Dünya eskisi gibi olmayacak… Normalimiz bile artık “normal” değil. Doğal mı, sanayi üretimi mi daha bilinemeyen bir virüs birçok şeyi değiştirmiş gibi görünüyor. Yeni bir çağ olur mu bilmem ama yeni bir dünya düzeni bir virüsün çıkması ile start almış olacak.
Esasen dünya için büyük dönüşümler ve değişimler, tüm dünyada ses getiren günümüz deyimiyle sansasyonel bir olayla tarihlenirler. Sanayi Devrimi, Fransız İhtilali ve İstanbul’un Fethi gibi. Bu vakıalar bir günde olup bitmiş ve diğer gün yeni bir düzen kurmuş değildir. Öncesi ve sonrası ile uzun yıllara tesir ve teşmil eden tarihi ve sosyal bir süreçtir.

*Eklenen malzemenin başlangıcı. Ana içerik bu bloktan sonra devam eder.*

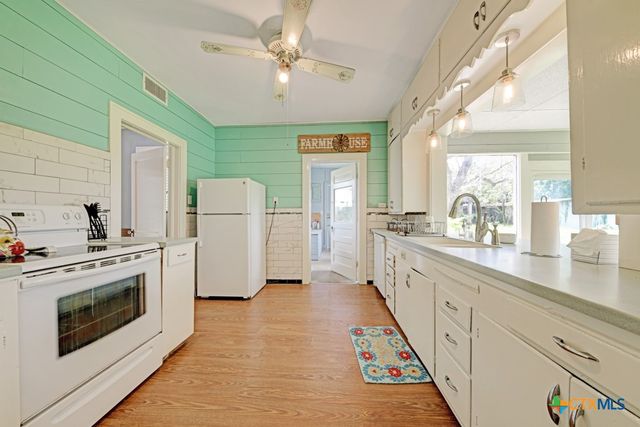 3508 Moulton Road, Gonzales, TX 78629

İki binli yıllar teknolojinin, dijital ve sanal dünya oluşturmadaki rolünü hissettirdiği yıllar olarak kalacak hafızalarda. Milenyum ismini koyanlar boşuna bu kavramı kullanmadılar elbet. 21. Yüzyıl sanal gerçekliğin, yapay zekanın, kripto paranın, hologram görüntülerin, robot savaşçıların elleri üzerinde inşa edilecek. Bu süreç başlamıştı ve Covid-19 belki de bu sürecin tarihsel başlangıç ismi olacak.
Büyük bir ustalıkla ve ince ayrıntılarla örülmüş bir planın nesneleri olmuştuk çoktan. Hazırlıklar çok iyi yürütüldü, insanlık dönüşüm için kodlandı, akıllı telefonlar ve sosyal medya belki de bu hazırlık aşamasının en önemli ulaşım aracıydı. Nitekim dijital çağ…
İki binli yıllar dijital yerli ve dijital yabancı olarak iki nesli yaratmıştı çoktan. Cep telefonsuz bir dünyanın varlığından habersiz çocuklar ve o çocukların yetiştirdiği büyükler. Teknolojiyi bilen çocuklar bu dünyaya yabancı dedelerini eğitip öğretiyor değil mi? Bu iki nesil “olmazsa olmaz” dedikleri bir dijital çağın vatandaşları olmak için hazırdı artık. Sonrası bu çağın dili ve kavramları; yapay zekâ, büyük veri, bulut depolama ve diğerleri…
Algılarımız, alışkanlıklarımız değişecek. Gündelik yaşantımız dijital çağa ayak uyduracak. Alışverişimiz, eğitimimiz, tedavimiz ekranlar vasıtası ile uzaktan uzağa yapılacak. İki binli yıllardan sonra doğanlar buna çoktan hazır ve hatta çoğu şu yazıyı çok da hoş karşılamayacak. Belki de haklılar, ne zararı var değil mi oturduğun yerden, tuşlar ve ekranlar vasıtası ile bir hayatı yaşamanın? Oysa dijital çağ bu kadar basit ve kolay değil.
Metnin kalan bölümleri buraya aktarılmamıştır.